Some more details from the release:

  • We expect second quarter 2022 total revenue to be in the range of $28-30 billion. This outlook reflects a continuation of the trends impacting revenue growth in the first quarter, including softness in the back half of the first quarter that coincided with the war in Ukraine. Our guidance assumes foreign currency will be approximately a 3% headwind to year-over-year growth in the second quarter, based on current exchange rates.
  • In addition, as noted on previous calls, we continue to monitor developments regarding the viability of transatlantic data transfers and their potential impact on our European operations, and we are pleased with the progress on a political agreement.
  • We expect 2022 total expenses to be in the range of $87-92 billion, lowered from our prior outlook of $90-95 billion.

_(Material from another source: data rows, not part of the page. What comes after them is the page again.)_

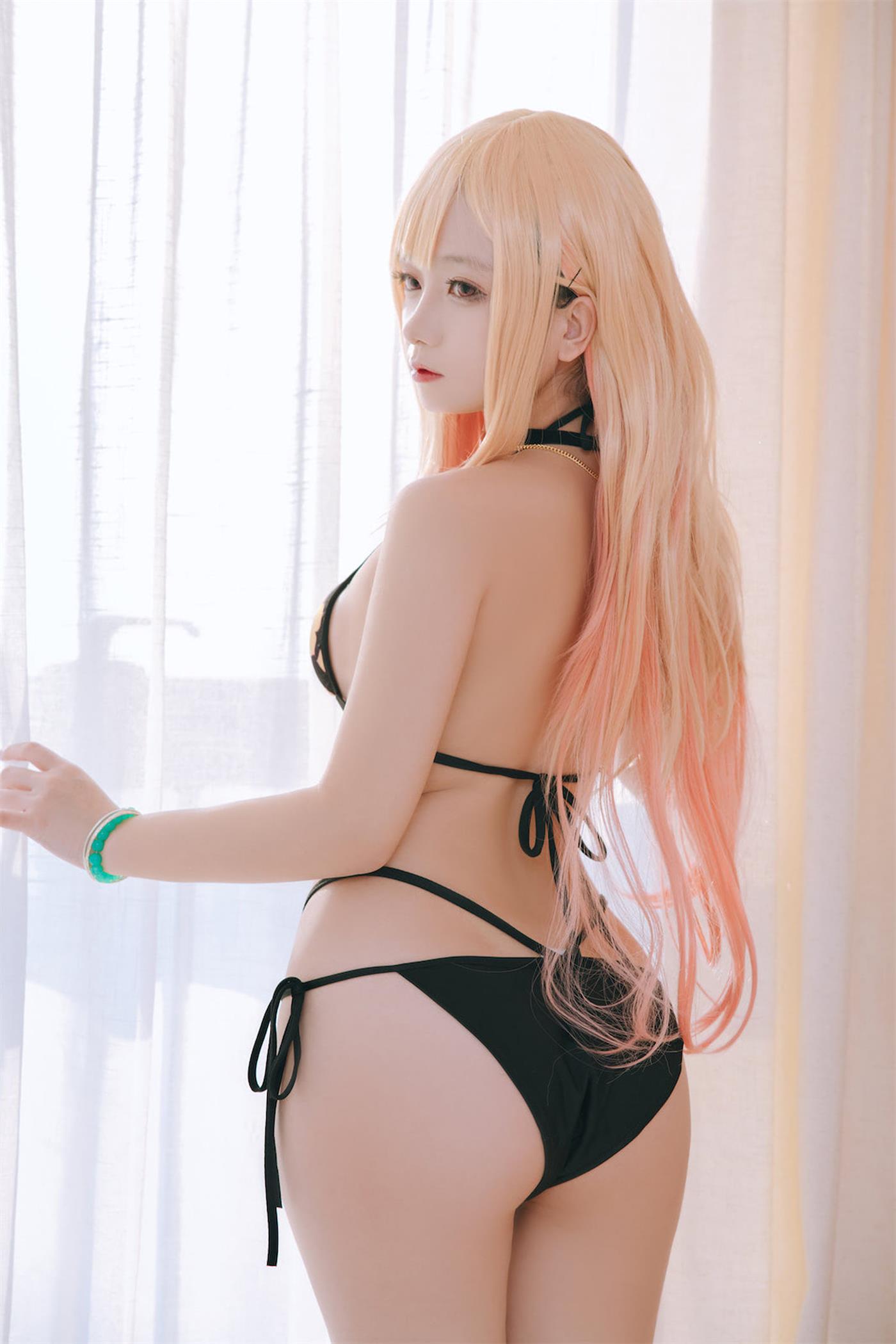 图片[40]-日奈娇  – 更衣人偶喜多川海梦泳装[65P] – 速更版-美库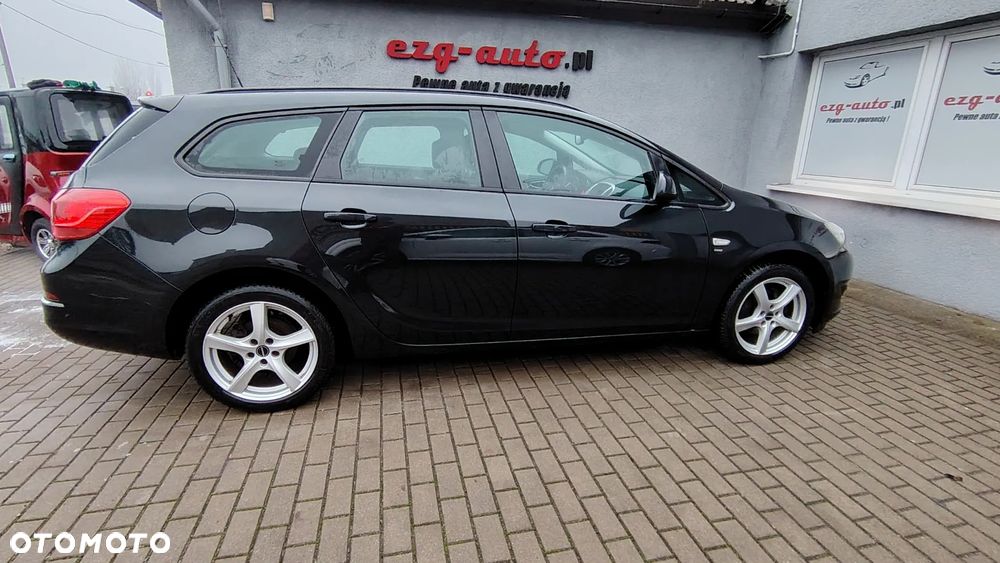 Opel Astra 1.4 T Cosmo - 5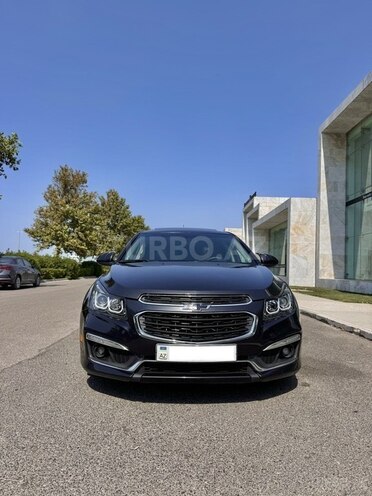 Chevrolet Cruze 2015, 205,000 km - 1.4 l - Bakı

We expect 2022 expense growth to be driven primarily by the Family of Apps segment, followed by Reality Labs.
  • We expect 2022 capital expenditures, including principal payments on finance leases, to be in the range of $29-34 billion, unchanged from our prior estimate.
  • Absent any changes to U.S. tax law, we expect our full-year 2022 tax rate to be above the first quarter rate and in the high teens.

While perhaps displeased by the weakness in revenues, investors will be pleased that Meta reduced its expense guidance. As Bloomberg notes, there was a lot of skepticism that Zuckerberg would be able to fund his grand visions for the metaverse on a dying social network. But it’s not dying, apparently, and it’s not as expensive.

Commenting on the results, Mark Zuckerberg said that “we made progress this quarter across a number of key company priorities and we remain confident in the long-term opportunities and growth that our product roadmap will unlock,” he said. “More people use our services today than ever before, and I’m proud of how our products are serving people around the world.”

Summarizing the quarter, Bloomberg writes that Zuckerberg has acknowledged that video-sharing app TikTok, owned by China’s ByteDance Ltd., is providing serious competition for young users’ attention. Meanwhile changes to data collection rules on Apple Inc.’s iPhones have hindered Meta’s ability to serve users targeted ads. The company’s advertisers were also spending less due to issues with supply chains, inflation and the ongoing war in Ukraine.

And unlike last quarter, when FB cratered by the most on record after an earnings release, this time investors have exhaled a collective sigh of relief and sent FB stock surging more than 10%.

According to Bloomberg, if this share-price jump of 12% holds through Thursday’s close, it would be the biggest post-earnings advance for Meta since the company reported results for the fourth quarter of 2015. That said, coming into today’s report Meta shares ended Wednesday’s session at the lowest level since April 2020. The stock has shed more than 6% in the past two days and is down 48% this year through the close.